The UK has undoubtedly achieved a high degree of flexibility and independence over its subsidy policy which creates new opportunities for the Government and UK businesses. However, that has come at the price of reduced legal certainty: without block exemptions (which under the EU regime covers the vast majority of State Aid situations) or a system for up front approval of a subsidy, granting authorities and beneficiaries are left to assess themselves whether their subsidy is lawful.
The Department for Business, Energy and Industrial Strategy (BEIS) consultation on the new domestic subsidy regime is now underway, but the following features are already worthy of note:
- There are currently no block exemptions (safe harbours), frameworks or guidance notes for the UK regime and the UK has yet to appoint/create an independent subsidy control authority.
- There is no obligation on the UK to create a system for pre-notification.
- Granting authorities will have to carry out a self-assessment of whether their subsidies are lawful (the inevitable consequence of not having a system of pre-notification).
- In carrying out that self-assessment, creating a contemporaneous, documentary audit trail will be critical.
- Complainants (“interested parties”) may seek judicial review of the decision to grant subsidies and the courts can order repayment of unlawfully granted subsidies.
- The concept of a subsidy is little different from that of a State Aid.
- The relevance of the subsidy rules for UK tax legislation has its own complexities which we will cover separately.
The Government’s consultation will run until 31 March 2021. Subject to the outcomes of this consultation, the Government has promised to bring forward primary legislation to establish in domestic law a system of subsidy control that works for the entirety of the UK.
In advance of new legislation, for the vast majority of cases, we expect that it will not be difficult to conclude that a subsidy is lawful: for the time being, granting authorities could default to following EU block exemptions, frameworks and guidance if they want to be as certain as they can be that they will not be challenged in the courts where the TCA applies.
There appears to be a presumption on the part of the EU that its State Aid regime complies with the TCA and so UK granting authorities would not be criticised for following EU rules (at least until UK-specific ones are developed).
Similarly, only the largest projects are likely to engage the UK’s obligations under other trade agreements or the WTO rules. The critical point in these “standard” cases, whether under the TCA or otherwise, is for granting authorities to document fully at the time of award the reasons why they have concluded that the subsidy is lawful.

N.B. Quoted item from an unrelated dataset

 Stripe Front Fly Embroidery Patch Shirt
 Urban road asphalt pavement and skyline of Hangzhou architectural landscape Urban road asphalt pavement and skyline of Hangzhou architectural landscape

There are three main “non-standard” situations to look out for:
- Those cases where a granting authority wishes to flex and go beyond what would currently be permitted under EU State Aid rules and where it will need to conduct a deeper and thorough self-assessment;
- Those cases subject to the Northern Ireland Protocol which remain subject to EU State Aid rules (and the jurisdiction of the European Commission and CJEU); and,
- Subsidies under the EU Multilateral Financial Framework 2020-2024 which the UK continues to participate in (under the Withdrawal Agreement) and where EU rules will continue to apply.